» **What is required**
Below are the entries; transcribe them exactly and drop every picture.
===== Data for this task =====
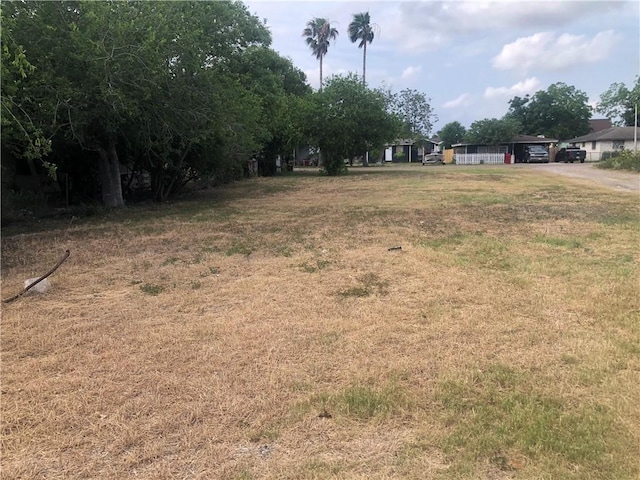 618 W W Ave E, Robstown, TX 78380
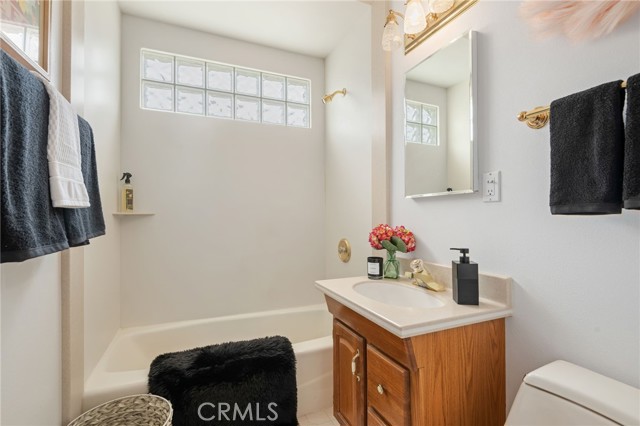 618 Ardmore Drive, Goleta CA: https://media.crmls.org/medias/088cdd6b-f720-432c-9d70-418440643c30.jpg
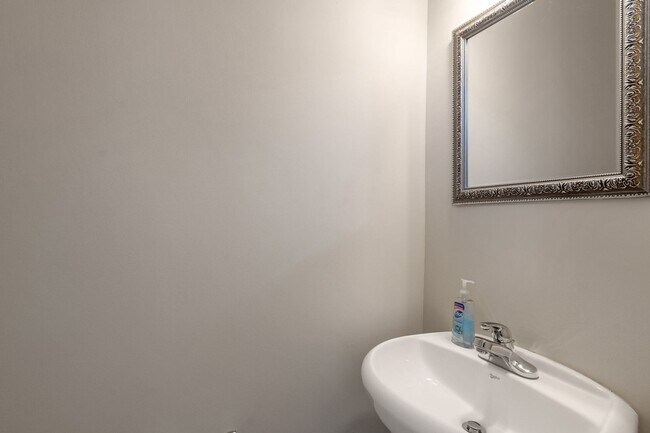 Building Photo - 5110 Neuse Commons Ln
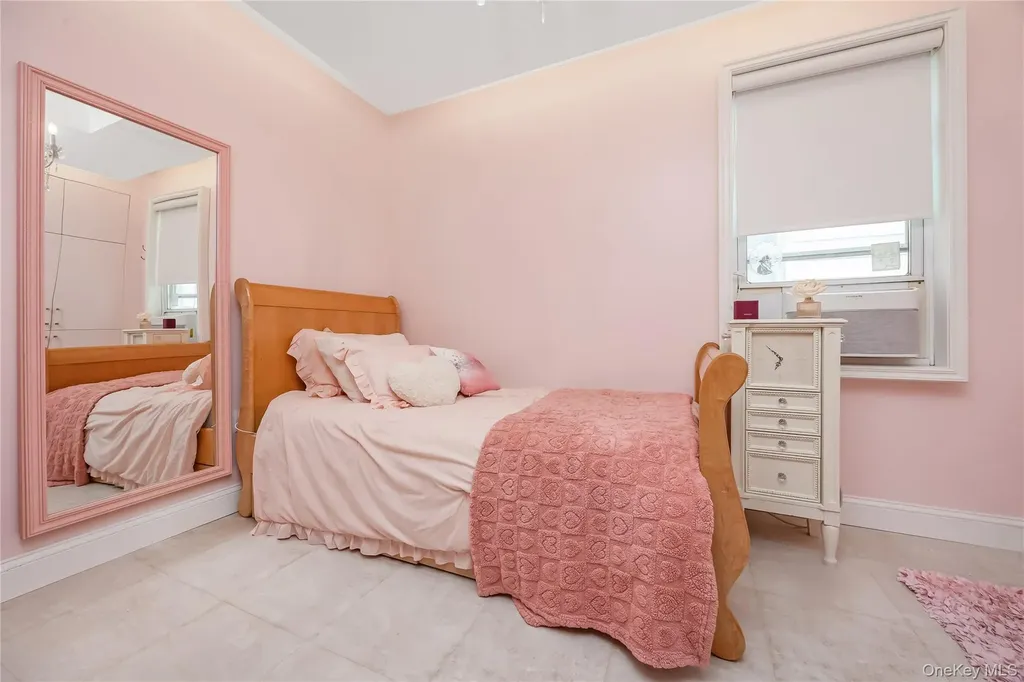5918 60th Street Maspeth NY 11378
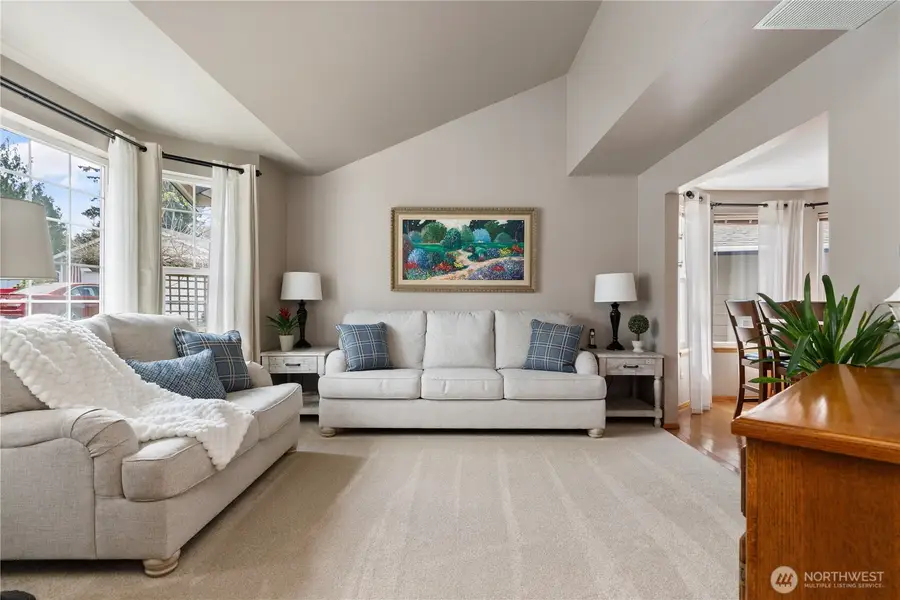 423 S 32nd Place, Mount Vernon, WA 98274 - #3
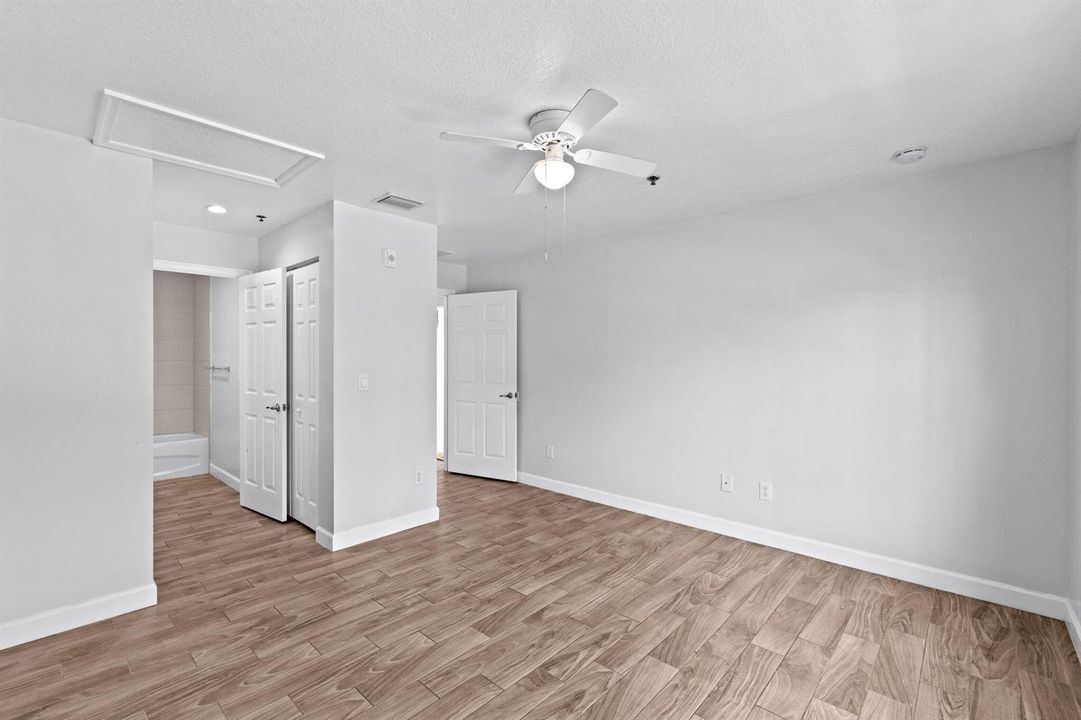 30-web-or-mls-A7409441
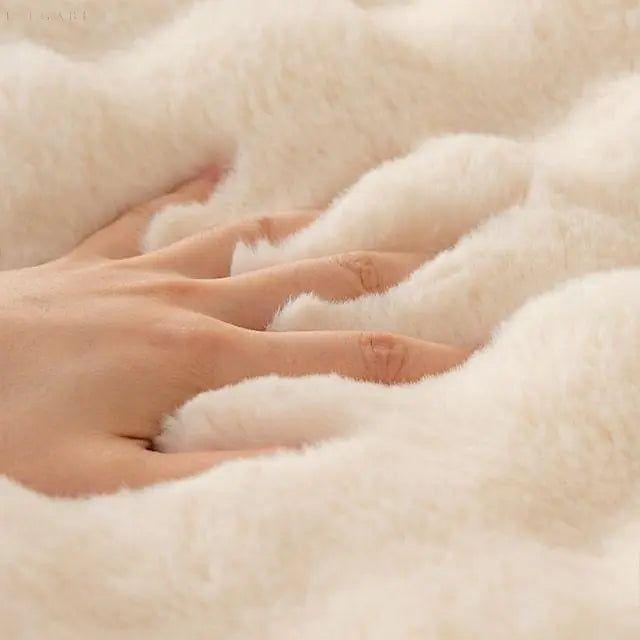 Sofia - Universelle Plüsch Sofaüberzug L Form - Winter Warmweich | Brehn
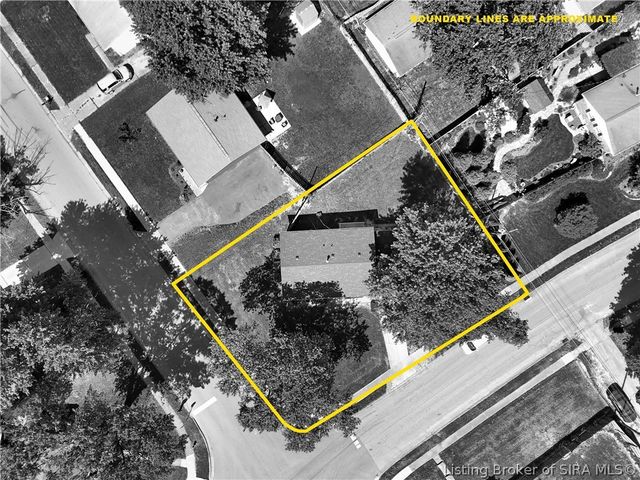 1310 Longfellow Drive, Clarksville, IN 47129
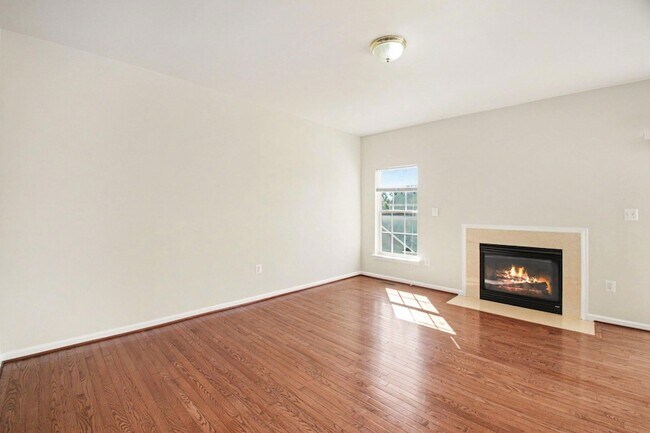 Building Photo - 1114 Ellis Ave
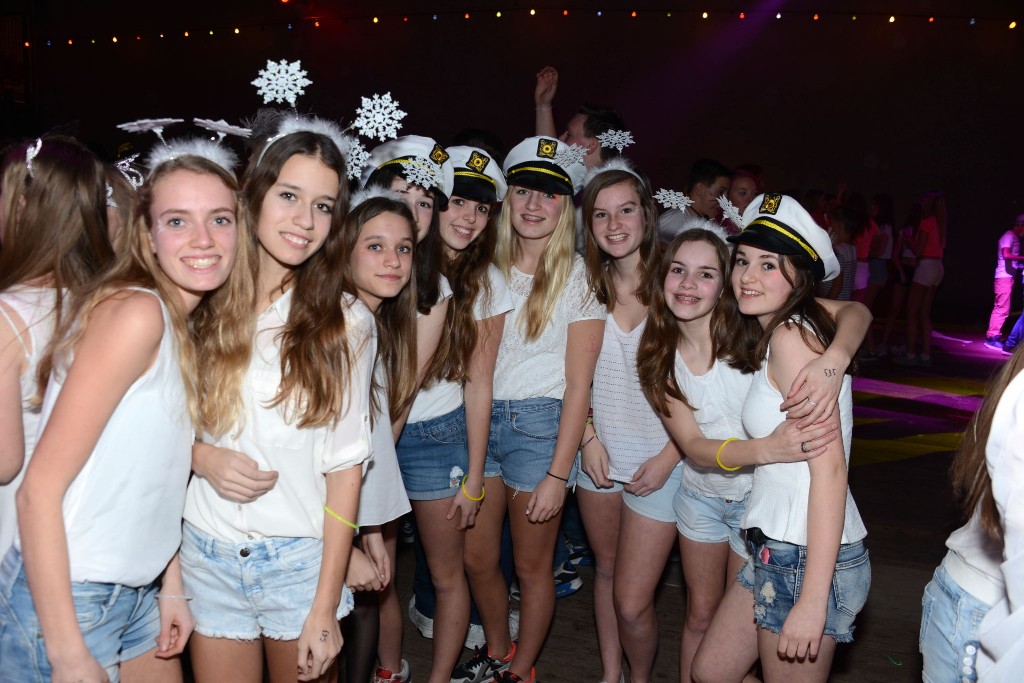 ../Images/Jeugddisco White Edition 121.jpg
=====
» **Your solution**
 618 W W Ave E, Robstown, TX 78380
 618 Ardmore Drive, Goleta CA: https://media.crmls.org/medias/088cdd6b-f720-432c-9d70-418440643c30.jpg
 Building Photo - 5110 Neuse Commons Ln
5918 60th Street Maspeth NY 11378
 423 S 32nd Place, Mount Vernon, WA 98274 - #3
 30-web-or-mls-A7409441
 Sofia - Universelle Plüsch Sofaüberzug L Form - Winter Warmweich | Brehn
 1310 Longfellow Drive, Clarksville, IN 47129
 Building Photo - 1114 Ellis Ave
 ../Images/Jeugddisco White Edition 121.jpg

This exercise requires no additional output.